April 1, 2019 –
Title: Computational Methods for the Analysis of Single Cell RNA-Seq Data.
PhD Candidate: Marmar Moussa
Major Advisor: Dr. Ion Mandoiu
Associate Advisors: Dr. Mukul Bansal, Dr. Sheida Nabavi
Day/Time: Monday, April 1st, 2019 10:00 AM
Location: Homer Babbidge Library Class of 1947 Conference Room
Single cell transcriptional profiling is critical for understanding cellular heterogeneity and identification of novel cell types as well as for studying growth and development of tissues and tumors.

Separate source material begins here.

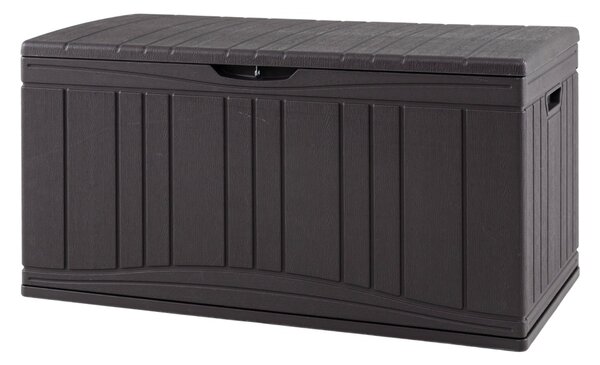 Costway Cassa per patio 300 l contenitore in hdpe impermeabile, Cassa per patio contenitore per attrezzi da giardinaggio Marrone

Leveraging the recent advances in single cell RNA sequencing (scRNA-Seq) technology requires novel computational methods that are robust to high levels of technical and biological noise and scale to datasets of millions of cells.

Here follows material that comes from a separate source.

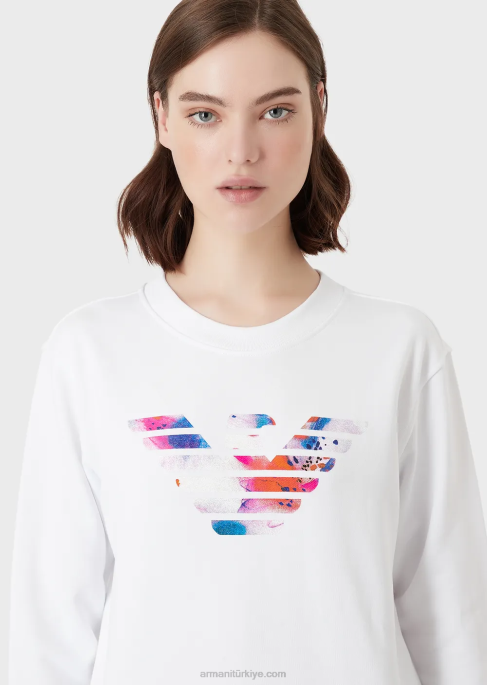 kadınlar Armani Büyük boy kartal desenli organik fransız havlu kumaşı sweatshirt beyaz T8HD418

In this work, we address several challenges in the analysis work-flow of scRNA-seq data: First, we propose novel computational approaches for unsupervised clustering of scRNA-seq data based on the Term Frequency - Inverse Document Frequency (TF-IDF) (a transformation that has been successfully used in the field of text analysis). For this part, we present empirical experimental results showing that TF-IDF methods consistently outperform commonly used scRNA-Seq clustering approaches. Second, we study the so called ‘drop-out’ effect that is considered one of the most notable challenges in scRNA-Seq data analysis, where only a fraction of the transcriptome of each cell is captured. The random nature of drop-outs, however, makes it possible to consider imputation methods as means of correcting for drop-outs. In this part we study some existing scRNA-Seq imputation methods and propose a novel iterative imputation approach (LSImpute) based on efficiently computing highly similar cells using LSH (Locality Sensitive Hashing). We then present the results of a comprehensive assessment of existing and proposed methods on real scRNA-Seq datasets with varying per cell sequencing depths. Third, we present a computational method for assigning and/or ordering cells based on their cell-cycle stages from single-cell transcriptome data. And finally, we present a web-based interactive computational work-flow for the analysis and visualization of single-cell RNA-seq data.